An attempt at using IPFS as a binary cache

Returning to bittorrent, I think I’ve got my signatures sorted out (pubkey aux-cache.dev-1:ywKsFPXTku4fvm8Scw4gZztmJ+R6zkeKFZCe5k3zoLE=) So the runtime and build closures for “lix built with aux core” should be being served by my horrible hack :slight_smile:

(Next step is to get it properly served via http/s3 as well)

1 Like

How would you build a form of guarantee/ commitment from a community perspective that is stronger than “hoping that someone will”?

I don’t see how it’s any harder than any other centralized infra - and being a lot less data than the nar contents themselves, it should be easier to host, distribute, etc.

I’m also still tempted to play with radicle for a decentralized approach, but much as it’s an interesting shiny thing to play with it’s probably not a priority.

Inspired by @srtcd424’s approach at using an intermediate KV store (dunno who else suggested it), I went ahead and wrote another binary that generates that store from an existing /nix/store. It’s the mapper in nix-subsubd.

Mapper

Right now nss-mapper works by grabbing the hash from /nix/store/$hash-$whatever, querying the binary cache (configurable but https://cache.nixos.org by default) for the .narinfo, downloading and streaming the .nar.xz to a “hasher” (configurable but IPFS at the moment), then writing it in a data structure to a directory dir/$shaFirstLetter/$sha.yaml.
My store has >30k files, and took 2 hours to get to 5k, so it’s not the fastest. That’s probably also the case because there are friggin .drv, .patch, and a bunch of other tiny files in the binary cache :open_mouth: .

Proxy

Anyway, the proxy is now called nss (short for nix-subsubd) and can use the KV store generated by the “mapper”. It introduces 2 concepts:

Mapper maps a SHA256 hashsum of a file in the KV store, which in turn contains the details necessary for the backend to retrieve the corresponding NAR. Both are traits / interfaces and thus the sky is the limit to what implementation can come.
Right now, there’s a FolderMapper which (and as I’m writing this I see how it can get confusing) uses the output nss-mapper, but if somebody fancies they could implement and SqliteMapper to query a DB. HttpMapper to query a service, SocketMapper to speak to another program over a socket, or whatever.
As for the backend, right now there’s an IpfsBackend to grab NARs from IPFS, but if somebody wants to they can implement a TorrentBackend to download torrents on the fly and stream the response, or HttpMirrorBackend to round robin on a list of HTTP/HTTPS mirrors, TahoeLafsBackend, S3Backend, or whatever you fancy implementing.
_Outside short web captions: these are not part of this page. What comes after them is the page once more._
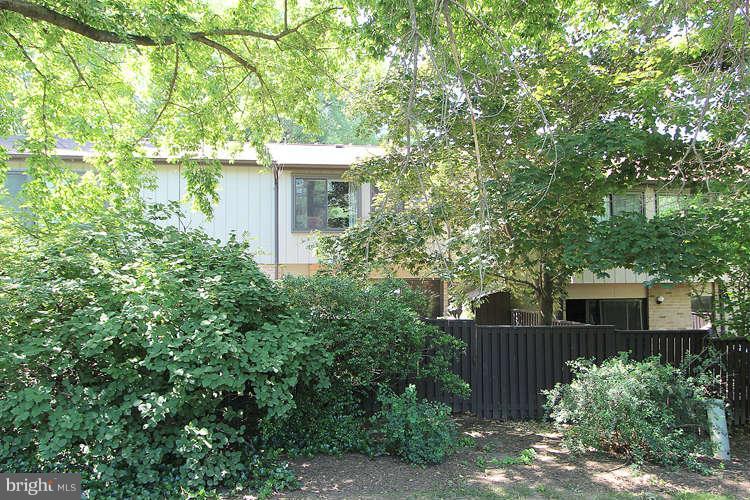 1784 Ivy Oak Square Reston, VA 20190 - Photo 29 of 30 Exterior (General)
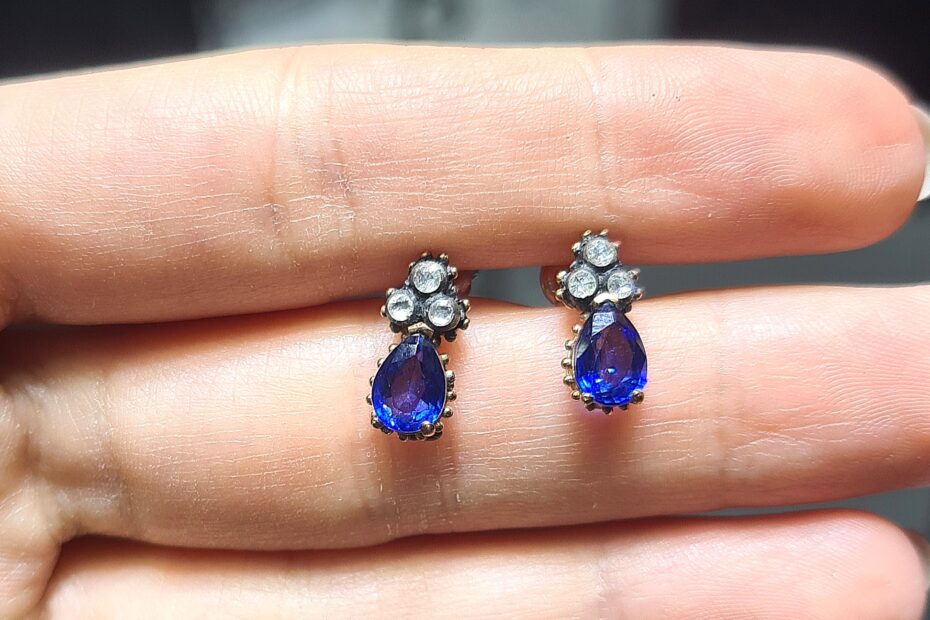 2.El Pırlanta 0,06 Karat Elmas & Safir Küpe X007503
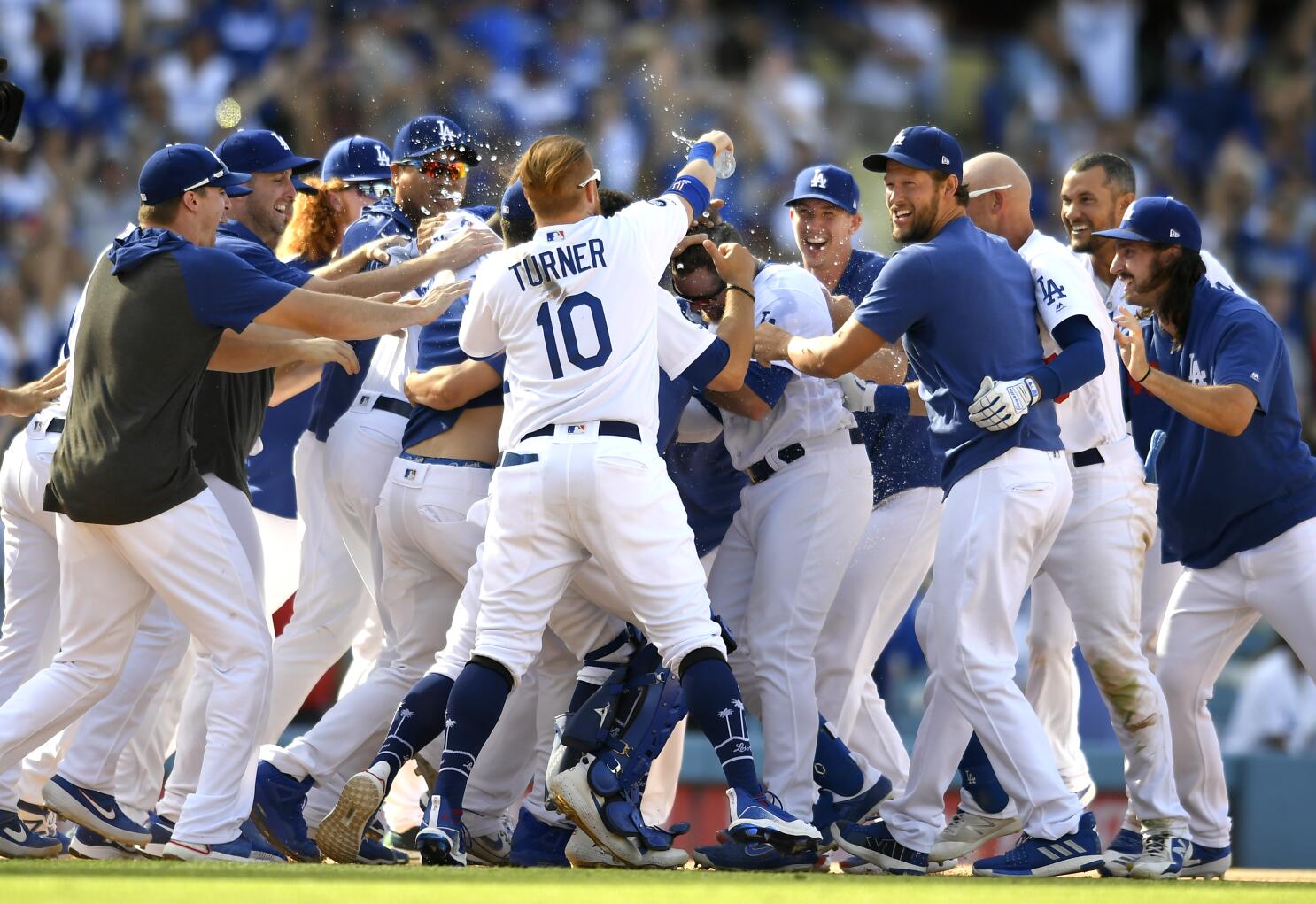 Verdugo's HR in 11th gives Dodgers 2nd straight walk-off win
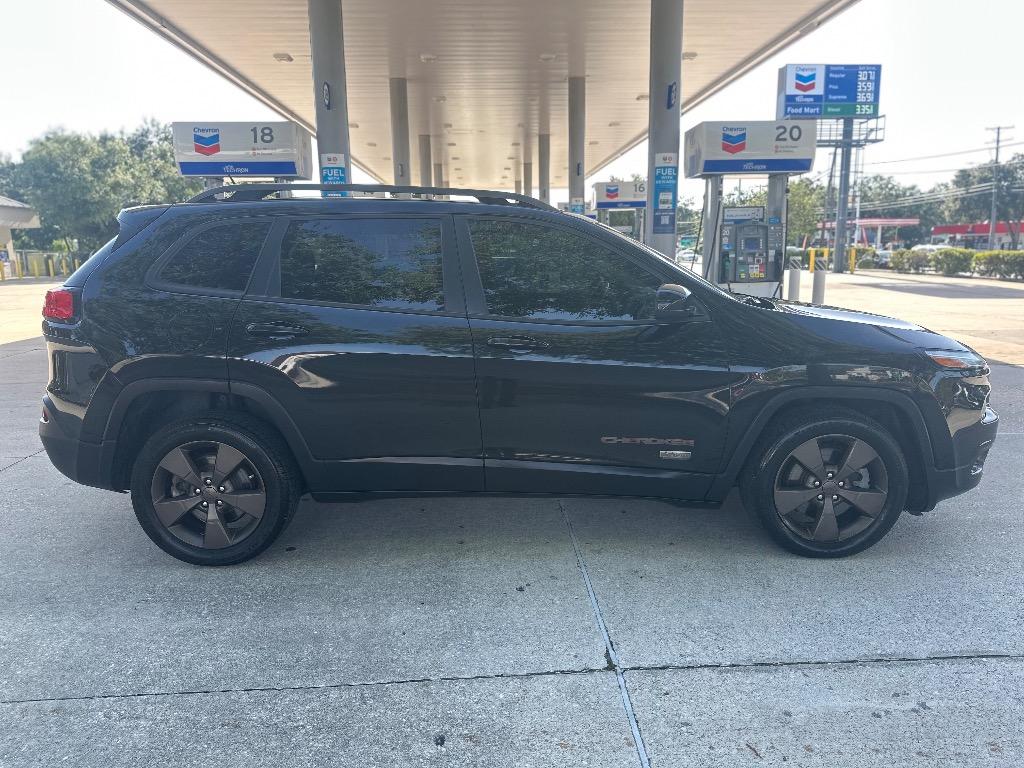 2016 Jeep Cherokee Latitude photo
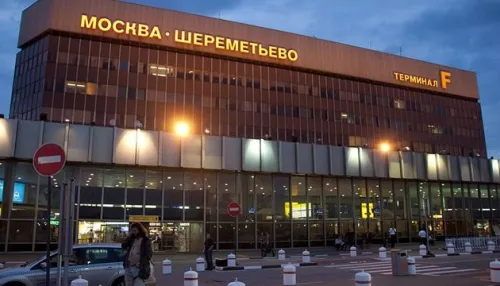 Стали известны подробности о задержании бортпроводницы в московском Шереметьево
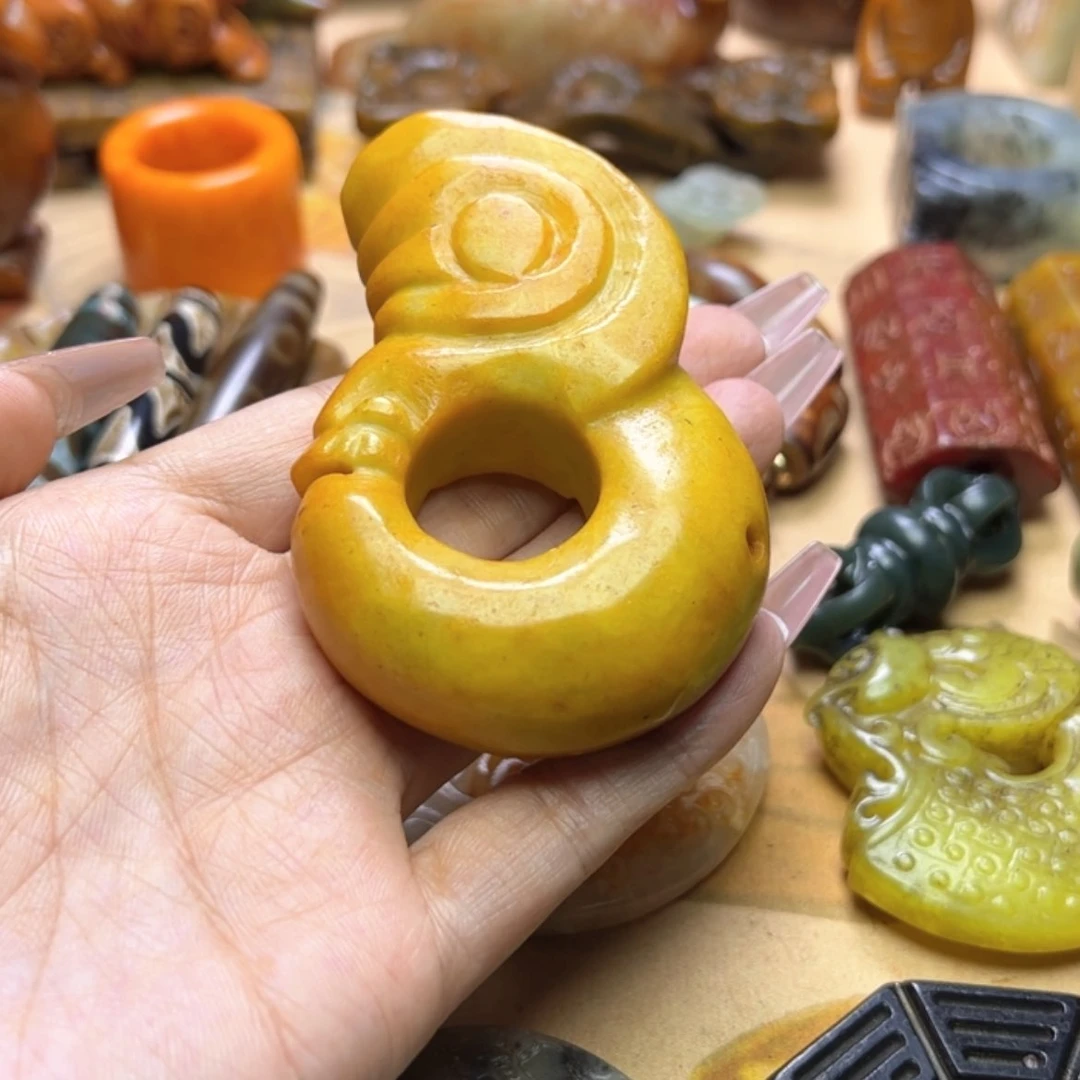 【闪购商品】蛇纹石玉颈饰未镶嵌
And yes, it does fallback to the binary cache if something fails.

Future

There’s a bunch of stuff missing, most notably documentation :see_no_evil: The next month might get pretty busy, so I’m just dropping this here before I disappear for a while. Maybe somebody will want to try it out, add a new mapper, or a new backend, or whatever.

What else is missing:

  • automatic tests (coverage is low af)
  • nss-mapper is currently sync (could be async, but async rust streams cooked my brain)
  • smaller features like filtering /nix/store input to nss-mapper
  • a git repo with the output of nss-mapper
  • better logging throughout the project
  • better error HTTP responses from nss when turds hit the fan
  • probably a bunch more stuff

Anyway, feel free to test, fork, contribute, give constrictive feedback, …

See y’all again in a month!

4 Likes

Using IPFS seems somewhat at odds with the Aux community’s values; not because of anything inherent to the technology, but it’s background. It is developed by a cryptocurrency company, Protocol Labs, who also develop FileCoin, which drives the development of IPFS. The FileCoin launch also has a dogwhistle (emphasis added):

The Filecoin mainnet will officially begin at epoch 148,888

They claim this means ““prosperity for life” in Chinese”, but that sounds like an excuse, and I’m not the only one.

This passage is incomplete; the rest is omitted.